The present invention relates to a single crystal pulling apparatus for growing and pulling up a single crystal based on the Czochralski method, and more particularly the invention relates to an improved single crystal pulling apparatus of the kind wherein the heater is adapted to shift vertically.
A single crystal pulling apparatus which adopts the CZ (Czochralski) method consists mainly of a main chamber wherein the single crystal is grown and a pull chamber. In the main chamber are provided such elements as a crucible for containing the polycrystal substance (a raw material such as silicon) to be single-crystallized, a cylindrical heater surrounding the crucible, and a cylindrical thermal insulator (heat shield) surrounding the heater. Beneath the main chamber are provided mechanisms for rotating the crucible about a vertical crucible shaft, on which the crucible is fixedly mounted, to control the uniformity of the heat flux in the molten polycrystal substance during the crystal growing operation. Installed above the main chamber is a towering structure of the pull chamber which is an upright, substantially cylindrical enclosure. An isolation valve is provided between the main chamber and the pull chamber. The single crystal ingot which is grown and raised high in the main chamber is brought up into the pull chamber.
The polycrystal substance charged in the crucible is melted down by the heater to turn into a polycrystal molten liquid, and in this liquid is dipped a seed crystal fixed at the lower end of a pull means such as a wire, and the desired single crystal grows from the seed crystal as the pull means is rotated and drawn up at predetermined rates together with the seed crystal.
In such a conventional single crystal pulling apparatus, if the crucible were held and kept at the original altitude, the surface level of the molten liquid in the crucible would gradually shift downwards relative to the heater as well as the crucible wall with the growth of the single crystal, which results in an undesirable change in the heating condition to which the solid/liquid interface between the grown crystal and the molten liquid is subjected.
Therefore, with the view to maintaining the altitude of the surface level of the molten crystal the crucible shaft is adapted to vertically shift and thereby displace the crucible such that the downward displacement of the melt level (solid-liquid interface) is always compensated for by the measured rise of the crucible; in particular, the crucible is raised at a predetermined rate by means of a drive means.
However, in the conventional single crystal pulling apparatus, the heater is stationary so that when the liquid level shifts downwards relative to the crucible wall and the crucible is lifted, the positional relationship between the heater, the crucible wall and the solid-liquid interface changes, whereby the thermal effects of the heater on the solid-liquid interface changes and this typically results in lowering of the oxygen concentration in the growing single crystal.
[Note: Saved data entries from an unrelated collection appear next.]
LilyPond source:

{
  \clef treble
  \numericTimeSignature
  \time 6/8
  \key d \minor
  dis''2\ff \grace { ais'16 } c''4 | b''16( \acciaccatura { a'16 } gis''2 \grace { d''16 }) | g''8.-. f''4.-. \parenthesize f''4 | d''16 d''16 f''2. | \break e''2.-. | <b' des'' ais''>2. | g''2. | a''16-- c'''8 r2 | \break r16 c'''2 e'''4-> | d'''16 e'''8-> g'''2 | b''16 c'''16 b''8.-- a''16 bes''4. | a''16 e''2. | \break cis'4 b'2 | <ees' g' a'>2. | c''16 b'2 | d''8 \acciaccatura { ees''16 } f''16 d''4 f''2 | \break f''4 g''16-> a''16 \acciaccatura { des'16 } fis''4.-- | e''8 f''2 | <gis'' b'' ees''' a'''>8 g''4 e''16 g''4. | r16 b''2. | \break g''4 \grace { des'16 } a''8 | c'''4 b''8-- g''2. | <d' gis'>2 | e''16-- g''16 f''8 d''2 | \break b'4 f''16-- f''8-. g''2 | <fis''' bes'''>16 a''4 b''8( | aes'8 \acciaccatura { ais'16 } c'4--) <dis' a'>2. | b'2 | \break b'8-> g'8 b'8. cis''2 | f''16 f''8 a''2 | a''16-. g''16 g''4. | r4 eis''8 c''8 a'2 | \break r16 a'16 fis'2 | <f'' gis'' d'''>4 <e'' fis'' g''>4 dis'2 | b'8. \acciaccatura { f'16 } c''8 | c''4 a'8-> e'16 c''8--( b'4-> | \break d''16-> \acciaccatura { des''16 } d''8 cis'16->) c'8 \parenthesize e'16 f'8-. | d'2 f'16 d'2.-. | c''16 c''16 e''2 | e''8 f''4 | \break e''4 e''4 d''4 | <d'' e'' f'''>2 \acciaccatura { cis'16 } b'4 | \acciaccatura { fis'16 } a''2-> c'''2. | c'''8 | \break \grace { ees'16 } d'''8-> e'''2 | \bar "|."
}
Thus, in a single crystal ingot grown in a conventional single crystal pulling apparatus, the oxygen concentration distribution in the ingot tends to be such that the closer to the bottom of the ingot the lower the oxygen concentration.
In order to solve this problem, an improved single crystal pulling apparatus was proposed wherein the heater is adapted to shift vertically and this vertical shifting of the heater is controlled to correspond the rise of the crucible.